> [Available data]:
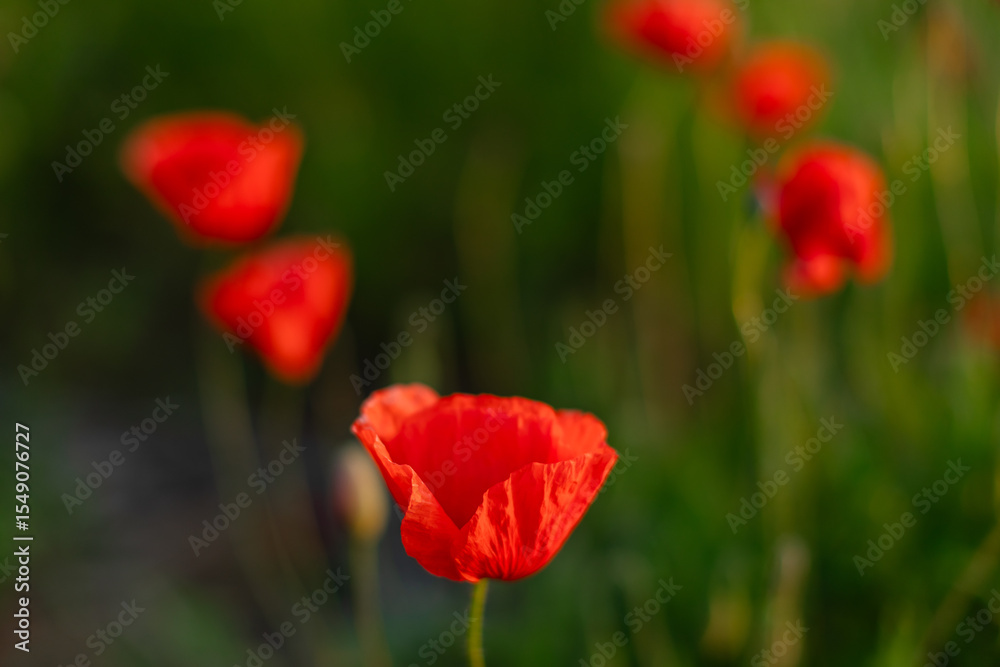 Naklejka premium Close-up of blooming red poppy flowers in a green meadow. Natural floral background, summer season, selective focus. Blooming poppy field, ideal as floral background or seasonal nature backdrop.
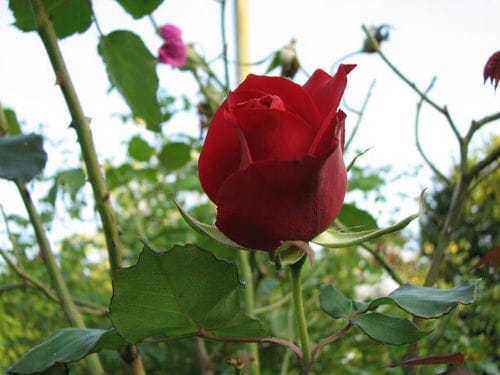 红玫瑰英文_红玫瑰英文名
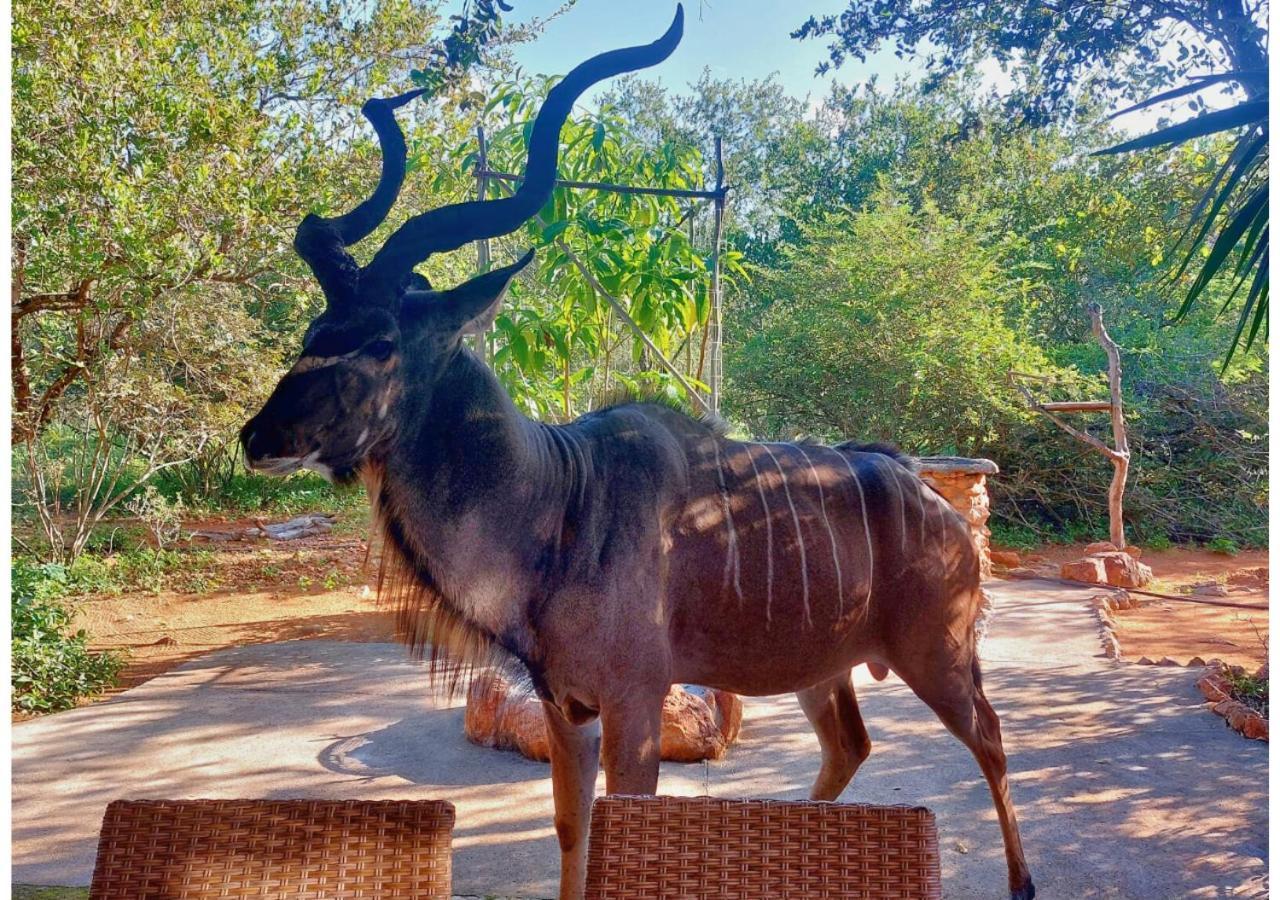 Lion King Villa Marloth Park Exterior photo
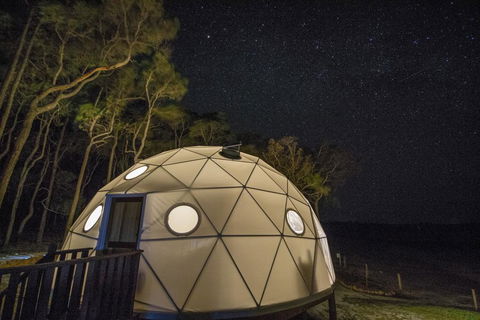 Mile End Glamping Pty Ltd - Travel Search 3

> [How to complete this task]: Go back to the line that contains "Lion King Villa Marloth Park Exterior photo" and copy it, along with each line after it through the end of the listing above, exactly and without pictures.

> [Answer to this exercise]:
 Lion King Villa Marloth Park Exterior photo
 Mile End Glamping Pty Ltd - Travel Search 3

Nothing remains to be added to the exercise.